Zero Pivot Element Detected During Model Fitting

During parameter estimation in Generalized Linear/Nonlinear Models, you may occasionally encounter a warning message that a "zero pivot element" was detected. This message generally means that during parameter estimation a redundancy was detected in the design matrix. In other words, one of the variables or columns in the design matrix (predictors) is redundant with other columns (predictors).  

This of course will usually happen when categorical predictors are coded using the overparameterized model (see GLM Introductory Overview - Sigma-Restricted and Overparameterized Model). For example, if you have a categorical predictor, "Gender," with two values, "Male" and "Female," in the overparameterized model, the program would create two indicator columns in the design matrix: One for males (1=yes, 0=no), and one for females (1=yes, 0=no).

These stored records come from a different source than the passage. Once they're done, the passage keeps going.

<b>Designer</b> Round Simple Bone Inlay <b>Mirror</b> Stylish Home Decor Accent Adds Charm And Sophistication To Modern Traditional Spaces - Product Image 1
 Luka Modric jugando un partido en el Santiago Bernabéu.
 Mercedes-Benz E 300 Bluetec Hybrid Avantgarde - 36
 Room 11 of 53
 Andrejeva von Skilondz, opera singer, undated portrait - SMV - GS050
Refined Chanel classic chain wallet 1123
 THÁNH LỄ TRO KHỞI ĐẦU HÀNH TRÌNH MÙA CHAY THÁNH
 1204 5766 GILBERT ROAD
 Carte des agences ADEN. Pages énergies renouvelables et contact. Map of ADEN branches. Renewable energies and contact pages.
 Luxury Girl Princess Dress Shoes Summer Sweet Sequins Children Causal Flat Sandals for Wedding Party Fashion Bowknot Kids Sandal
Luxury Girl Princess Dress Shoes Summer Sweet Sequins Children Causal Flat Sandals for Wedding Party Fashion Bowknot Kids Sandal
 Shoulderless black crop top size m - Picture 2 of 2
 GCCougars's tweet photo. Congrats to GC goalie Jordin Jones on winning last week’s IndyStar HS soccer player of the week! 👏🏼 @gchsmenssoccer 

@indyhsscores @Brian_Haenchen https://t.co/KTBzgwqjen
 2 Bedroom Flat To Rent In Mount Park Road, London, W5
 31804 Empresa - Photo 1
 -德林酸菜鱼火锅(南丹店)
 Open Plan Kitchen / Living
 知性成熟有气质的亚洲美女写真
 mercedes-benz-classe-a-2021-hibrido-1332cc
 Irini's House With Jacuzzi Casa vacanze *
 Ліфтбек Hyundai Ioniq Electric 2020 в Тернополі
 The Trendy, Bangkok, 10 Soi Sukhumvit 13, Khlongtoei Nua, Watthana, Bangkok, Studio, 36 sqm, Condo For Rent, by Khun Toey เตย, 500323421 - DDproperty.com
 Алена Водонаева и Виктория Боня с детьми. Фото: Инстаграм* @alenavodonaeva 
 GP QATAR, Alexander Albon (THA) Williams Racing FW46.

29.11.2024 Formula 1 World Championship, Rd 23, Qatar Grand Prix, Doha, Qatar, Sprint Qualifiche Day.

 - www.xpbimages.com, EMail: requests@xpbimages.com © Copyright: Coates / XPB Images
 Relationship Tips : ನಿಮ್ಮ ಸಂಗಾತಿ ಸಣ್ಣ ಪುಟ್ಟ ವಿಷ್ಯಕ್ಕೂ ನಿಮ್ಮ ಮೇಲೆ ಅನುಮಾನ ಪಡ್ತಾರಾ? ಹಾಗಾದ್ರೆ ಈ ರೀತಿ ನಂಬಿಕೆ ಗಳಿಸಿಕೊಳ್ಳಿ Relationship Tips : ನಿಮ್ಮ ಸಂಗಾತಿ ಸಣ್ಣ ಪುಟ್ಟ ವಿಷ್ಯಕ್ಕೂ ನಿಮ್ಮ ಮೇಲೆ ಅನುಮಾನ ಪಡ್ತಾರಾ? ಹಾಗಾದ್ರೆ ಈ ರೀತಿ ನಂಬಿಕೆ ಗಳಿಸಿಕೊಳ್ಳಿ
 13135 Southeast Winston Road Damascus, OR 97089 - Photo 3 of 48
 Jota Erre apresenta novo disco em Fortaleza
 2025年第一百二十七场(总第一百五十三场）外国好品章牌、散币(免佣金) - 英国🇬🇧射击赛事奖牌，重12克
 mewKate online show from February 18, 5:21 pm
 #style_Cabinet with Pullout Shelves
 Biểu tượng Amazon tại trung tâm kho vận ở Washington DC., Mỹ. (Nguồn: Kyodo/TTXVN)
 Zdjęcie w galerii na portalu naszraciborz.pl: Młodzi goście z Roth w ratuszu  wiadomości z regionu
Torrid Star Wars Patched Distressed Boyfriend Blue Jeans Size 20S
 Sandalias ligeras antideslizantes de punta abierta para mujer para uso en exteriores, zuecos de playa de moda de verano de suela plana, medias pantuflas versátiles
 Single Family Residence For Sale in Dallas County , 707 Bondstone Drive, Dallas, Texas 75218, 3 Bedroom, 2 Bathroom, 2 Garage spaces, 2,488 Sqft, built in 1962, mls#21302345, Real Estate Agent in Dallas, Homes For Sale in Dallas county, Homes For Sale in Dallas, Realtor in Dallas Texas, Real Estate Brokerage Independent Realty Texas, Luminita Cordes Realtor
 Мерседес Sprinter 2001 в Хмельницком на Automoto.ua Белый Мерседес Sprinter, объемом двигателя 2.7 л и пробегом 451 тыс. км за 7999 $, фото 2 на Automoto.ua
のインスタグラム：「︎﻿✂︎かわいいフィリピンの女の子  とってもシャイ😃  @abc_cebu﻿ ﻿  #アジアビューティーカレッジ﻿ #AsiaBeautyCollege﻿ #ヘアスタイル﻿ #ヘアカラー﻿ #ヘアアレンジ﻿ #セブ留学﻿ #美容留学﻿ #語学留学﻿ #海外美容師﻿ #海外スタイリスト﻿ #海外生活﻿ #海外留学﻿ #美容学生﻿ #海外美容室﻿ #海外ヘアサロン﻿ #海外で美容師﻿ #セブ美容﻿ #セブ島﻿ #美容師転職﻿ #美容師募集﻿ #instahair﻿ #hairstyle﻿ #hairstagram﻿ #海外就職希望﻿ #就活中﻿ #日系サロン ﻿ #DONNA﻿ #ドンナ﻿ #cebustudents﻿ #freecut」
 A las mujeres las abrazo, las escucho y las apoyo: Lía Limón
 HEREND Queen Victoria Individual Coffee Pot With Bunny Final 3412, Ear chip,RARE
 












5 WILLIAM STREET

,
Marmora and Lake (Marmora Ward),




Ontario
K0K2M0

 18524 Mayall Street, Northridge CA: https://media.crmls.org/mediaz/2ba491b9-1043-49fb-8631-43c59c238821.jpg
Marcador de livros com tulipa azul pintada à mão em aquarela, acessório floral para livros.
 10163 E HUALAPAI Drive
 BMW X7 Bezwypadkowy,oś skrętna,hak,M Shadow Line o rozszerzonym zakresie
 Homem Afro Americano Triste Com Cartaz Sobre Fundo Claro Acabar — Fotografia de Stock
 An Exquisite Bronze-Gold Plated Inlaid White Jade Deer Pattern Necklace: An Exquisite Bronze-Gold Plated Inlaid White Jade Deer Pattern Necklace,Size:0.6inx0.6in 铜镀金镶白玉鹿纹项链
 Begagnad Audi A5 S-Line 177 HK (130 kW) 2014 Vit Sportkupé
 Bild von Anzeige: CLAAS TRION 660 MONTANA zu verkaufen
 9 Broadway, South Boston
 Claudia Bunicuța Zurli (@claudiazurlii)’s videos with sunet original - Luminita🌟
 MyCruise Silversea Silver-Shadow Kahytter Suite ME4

Obviously, these two columns are redundant and, hence, during estimation the program will drop one of them.

This mechanism is equivalent to the application of the generalized inverse in GLM to automatically remove redundant columns from the design matrix.

Note: in some cases this message may occur with continuous predictors as well, or when the overparameterized model is not being used. In this case, it simply means that some predictors are entirely redundant with other predictors and, thus, unique parameter estimates for those predictors cannot be computed (and they are zeroed instead).